Requirement: Output each line exactly as written, from the first line of the records to the line bearing "New 2026 Lincoln Aviator AWD image 4", inclusive, while leaving every picture out.

Web page caption snippets:
################

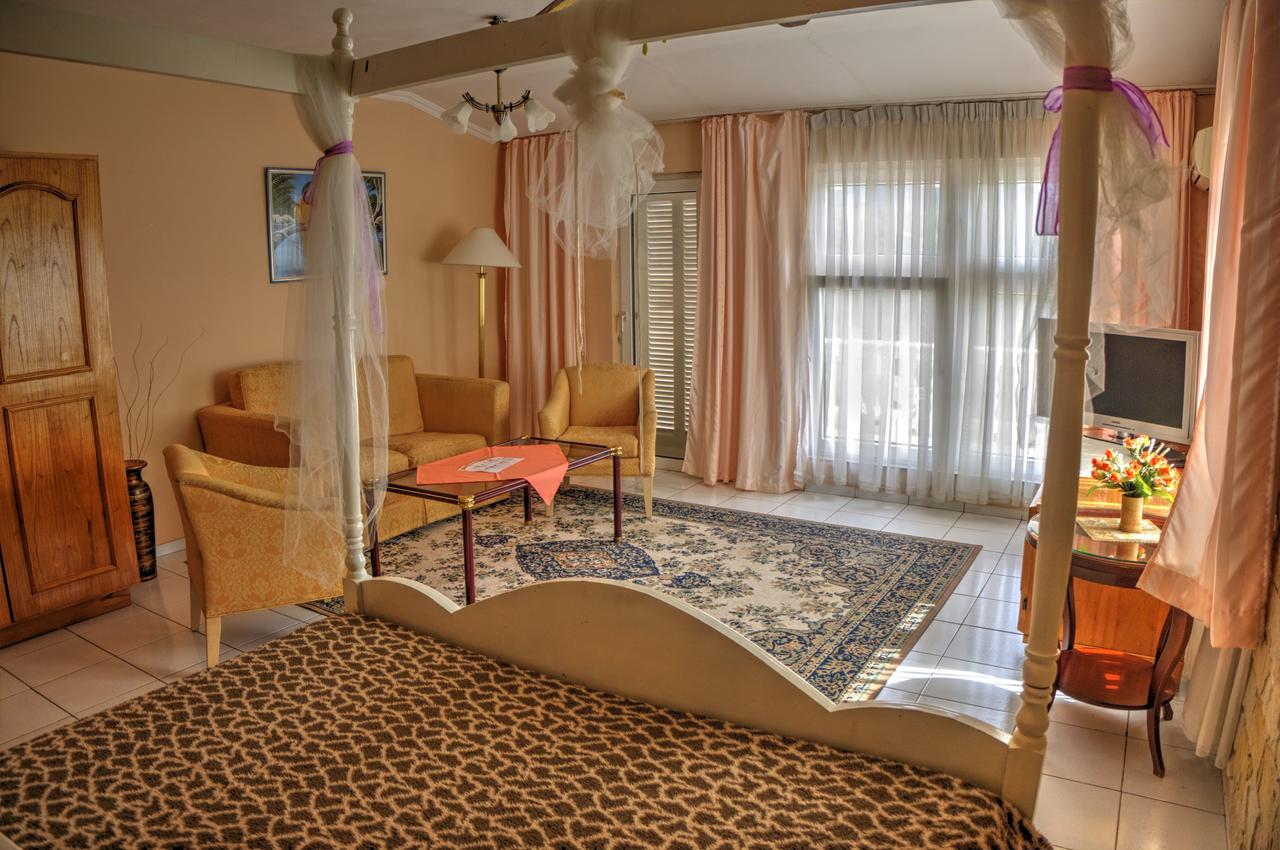 Hotel Independencia Екстер'єр фото
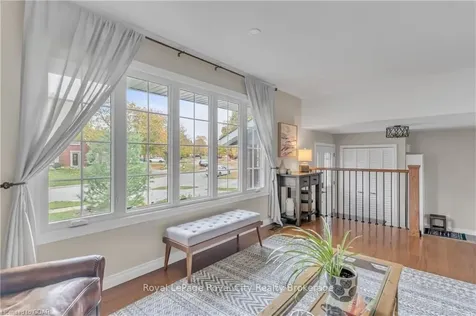 7 Ervin Crescent Guelph ON N1G 3K6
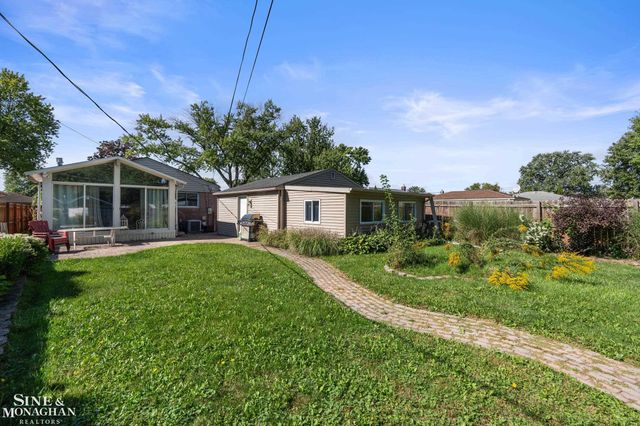 22501 Euclid Street, St Clair Shores, MI 48082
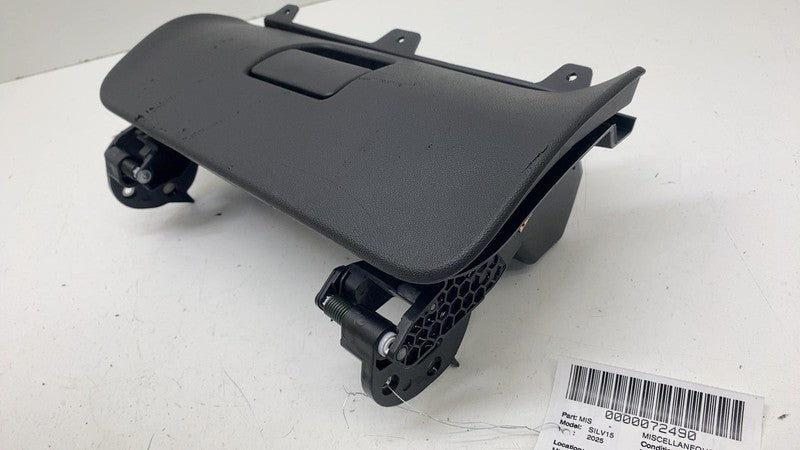 ⭕ 2025 Chevrolet Silverado 1500 Dash Right Upper Glove Box Compartment
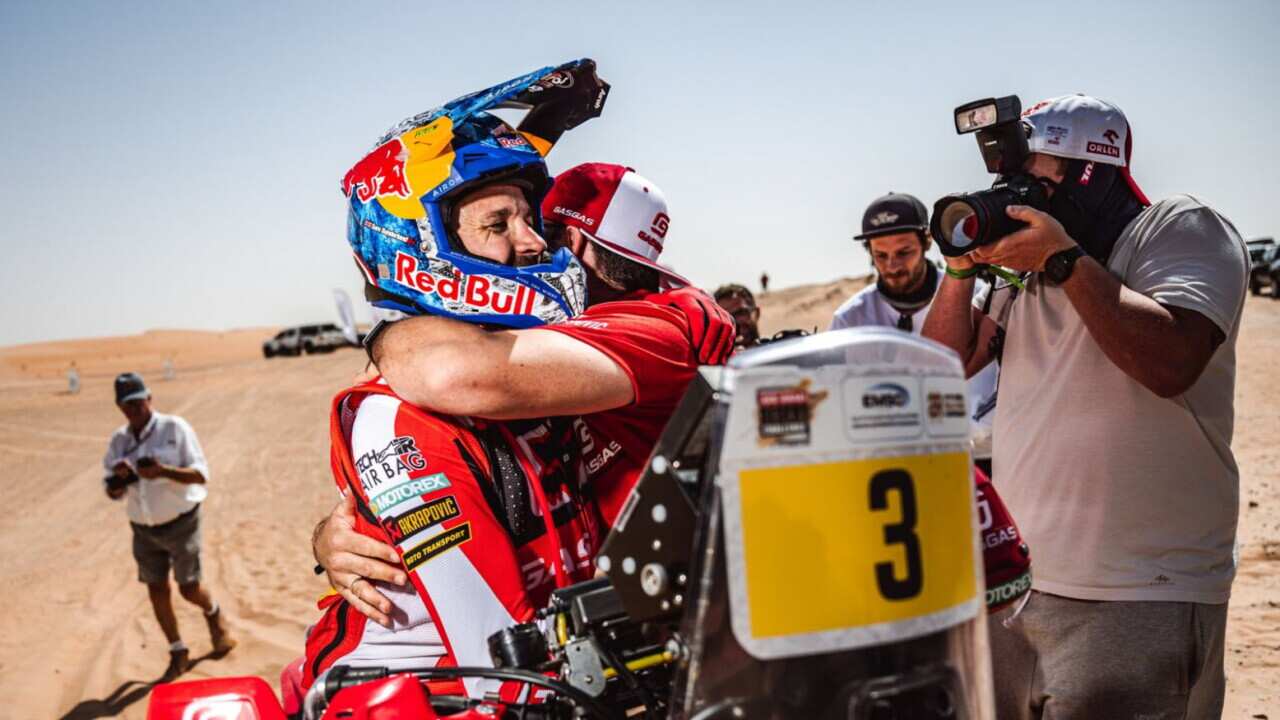 Sam Sunderland, Abu Dhabi Desert Challenge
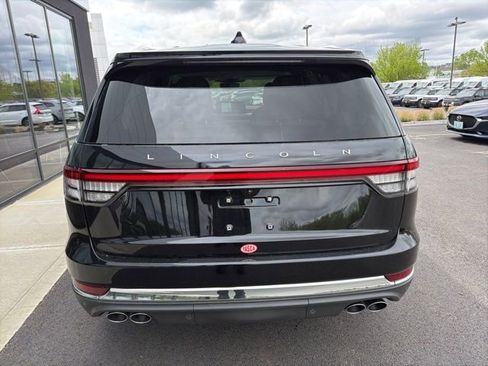 New 2026 Lincoln Aviator AWD image 4
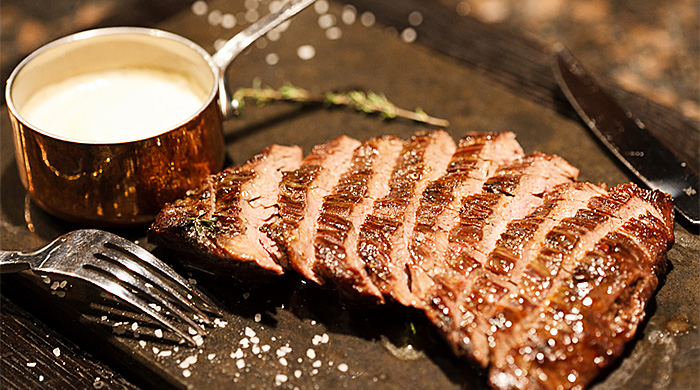 \"Гирлянда Steak Shop & Show\": питерский ресторан от продавцов фермерских продуктов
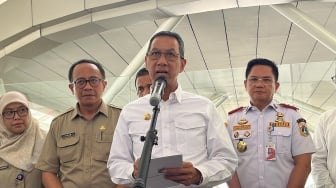 Tinjau Proyek LRT Velodrome-Manggari, Heru Budi Minta Masyarakat Bersabar Karena Bikin Macet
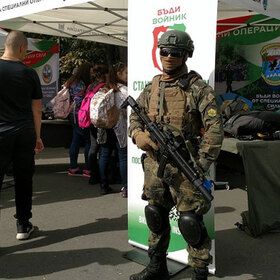 budi-voinik-iskra-bg_280x280_crop_478b24840a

################

Solution below:
 Hotel Independencia Екстер'єр фото
 7 Ervin Crescent Guelph ON N1G 3K6
 22501 Euclid Street, St Clair Shores, MI 48082
 ⭕ 2025 Chevrolet Silverado 1500 Dash Right Upper Glove Box Compartment
 Sam Sunderland, Abu Dhabi Desert Challenge
 New 2026 Lincoln Aviator AWD image 4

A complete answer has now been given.